[Web page caption snippets]
- Opening Delimiter -

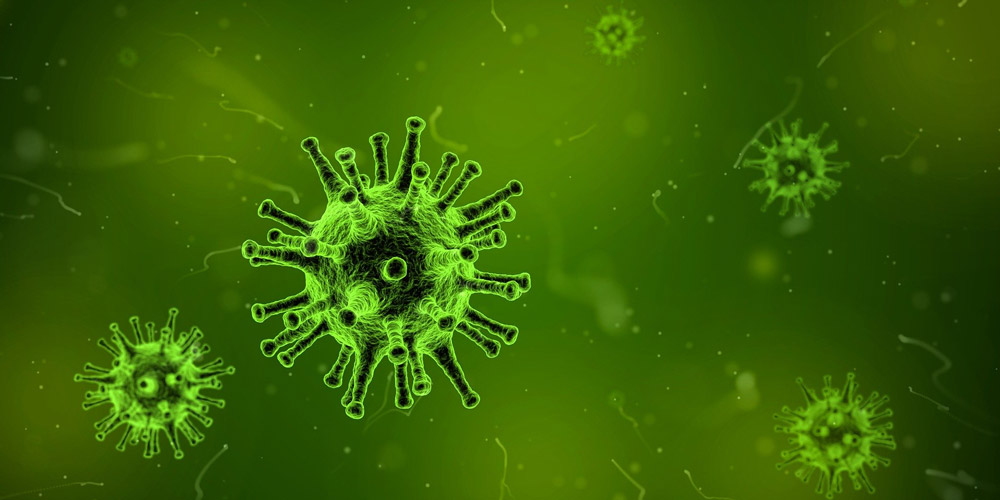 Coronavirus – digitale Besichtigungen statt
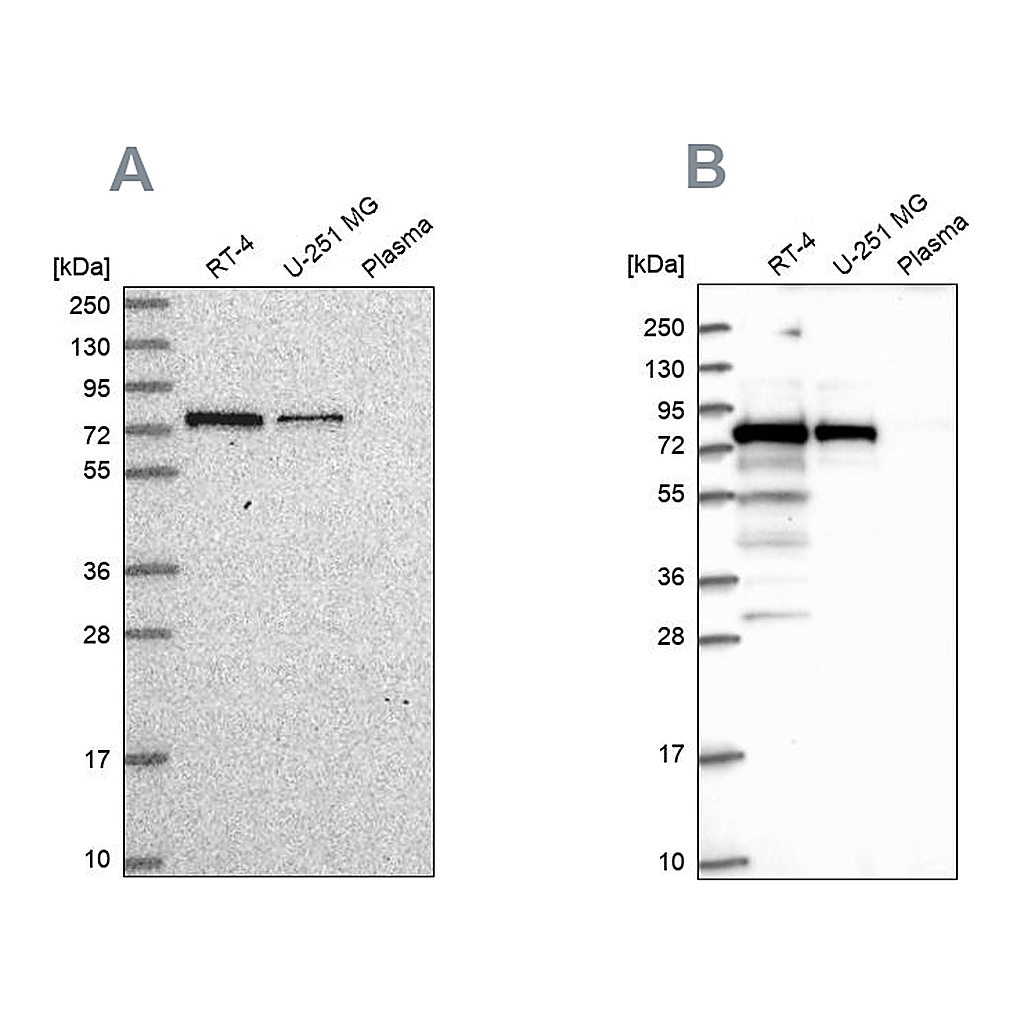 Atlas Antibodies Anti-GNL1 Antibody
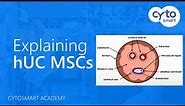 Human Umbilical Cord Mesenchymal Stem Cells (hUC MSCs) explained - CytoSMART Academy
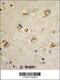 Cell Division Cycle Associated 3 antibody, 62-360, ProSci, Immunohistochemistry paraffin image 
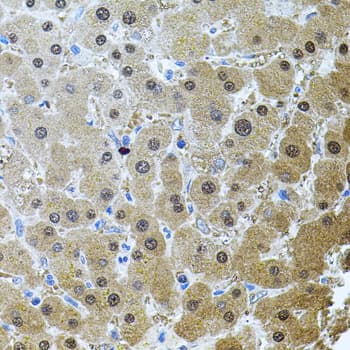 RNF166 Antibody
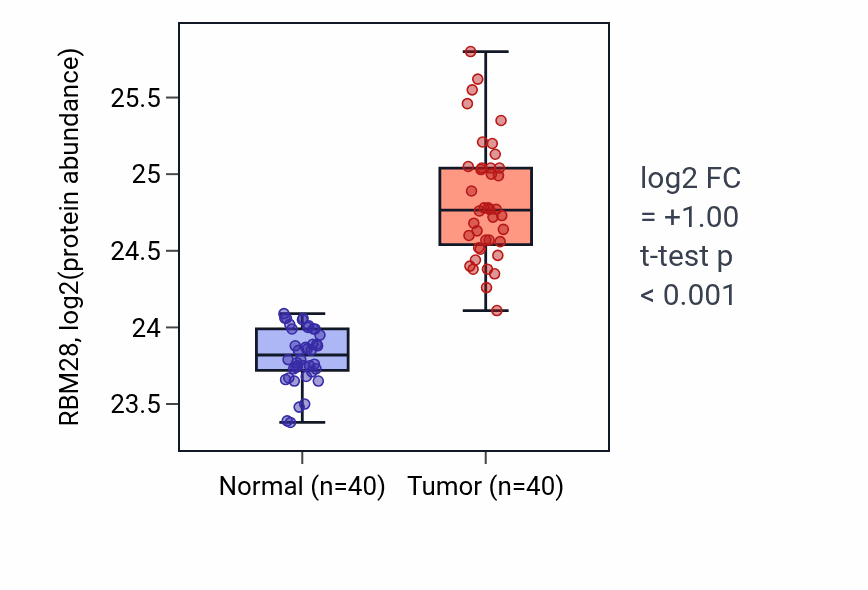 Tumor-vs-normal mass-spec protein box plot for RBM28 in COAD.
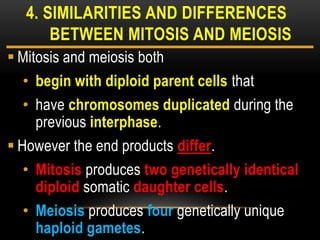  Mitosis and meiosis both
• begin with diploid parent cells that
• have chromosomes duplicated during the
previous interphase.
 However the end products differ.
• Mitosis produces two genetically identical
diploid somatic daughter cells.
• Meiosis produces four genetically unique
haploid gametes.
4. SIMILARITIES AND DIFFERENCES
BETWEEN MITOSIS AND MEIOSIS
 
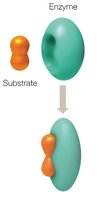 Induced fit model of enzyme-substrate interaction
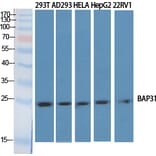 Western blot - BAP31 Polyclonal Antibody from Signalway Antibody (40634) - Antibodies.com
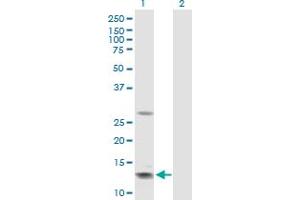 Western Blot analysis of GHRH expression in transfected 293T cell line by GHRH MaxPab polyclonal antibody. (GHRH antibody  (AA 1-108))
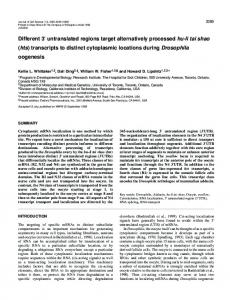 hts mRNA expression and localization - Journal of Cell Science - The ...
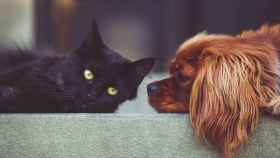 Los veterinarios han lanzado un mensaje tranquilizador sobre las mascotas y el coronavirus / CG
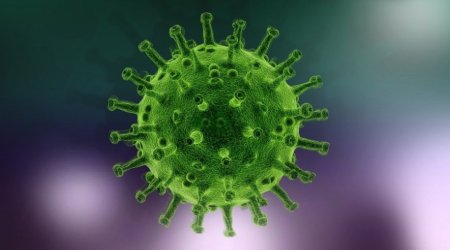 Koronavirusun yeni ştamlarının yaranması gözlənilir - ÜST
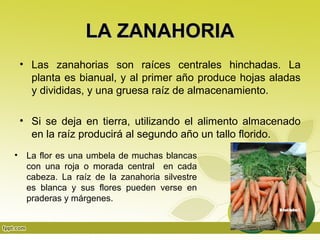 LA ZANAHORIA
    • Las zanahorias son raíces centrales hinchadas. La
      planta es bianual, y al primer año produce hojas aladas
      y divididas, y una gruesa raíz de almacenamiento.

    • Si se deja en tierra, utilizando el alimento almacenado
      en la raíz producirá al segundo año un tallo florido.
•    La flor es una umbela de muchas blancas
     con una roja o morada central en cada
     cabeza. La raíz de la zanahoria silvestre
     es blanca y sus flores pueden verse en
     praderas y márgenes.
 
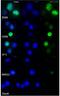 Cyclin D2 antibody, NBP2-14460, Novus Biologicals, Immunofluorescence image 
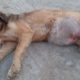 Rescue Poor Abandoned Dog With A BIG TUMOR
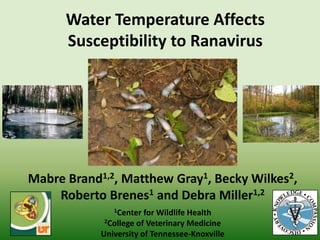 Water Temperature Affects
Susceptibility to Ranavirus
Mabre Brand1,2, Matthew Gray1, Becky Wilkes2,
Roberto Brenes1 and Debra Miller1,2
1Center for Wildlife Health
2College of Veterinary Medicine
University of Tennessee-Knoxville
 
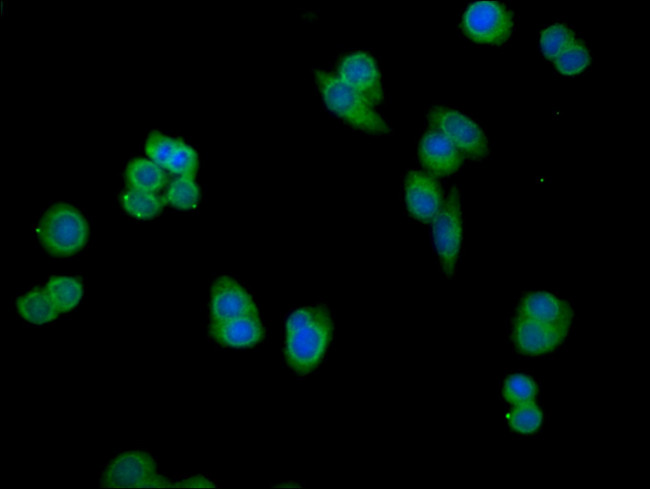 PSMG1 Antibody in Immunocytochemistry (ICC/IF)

- Closing Delimiter -

- What is needed -
Leave out the pictures. Return exactly the lines from the first line of the records to the line bearing "duplicated during the", inclusive.

- Written solution -
 Coronavirus – digitale Besichtigungen statt
 Atlas Antibodies Anti-GNL1 Antibody
 Human Umbilical Cord Mesenchymal Stem Cells (hUC MSCs) explained - CytoSMART Academy
 Cell Division Cycle Associated 3 antibody, 62-360, ProSci, Immunohistochemistry paraffin image 
 RNF166 Antibody
 Tumor-vs-normal mass-spec protein box plot for RBM28 in COAD.
  Mitosis and meiosis both
• begin with diploid parent cells that
• have chromosomes duplicated during the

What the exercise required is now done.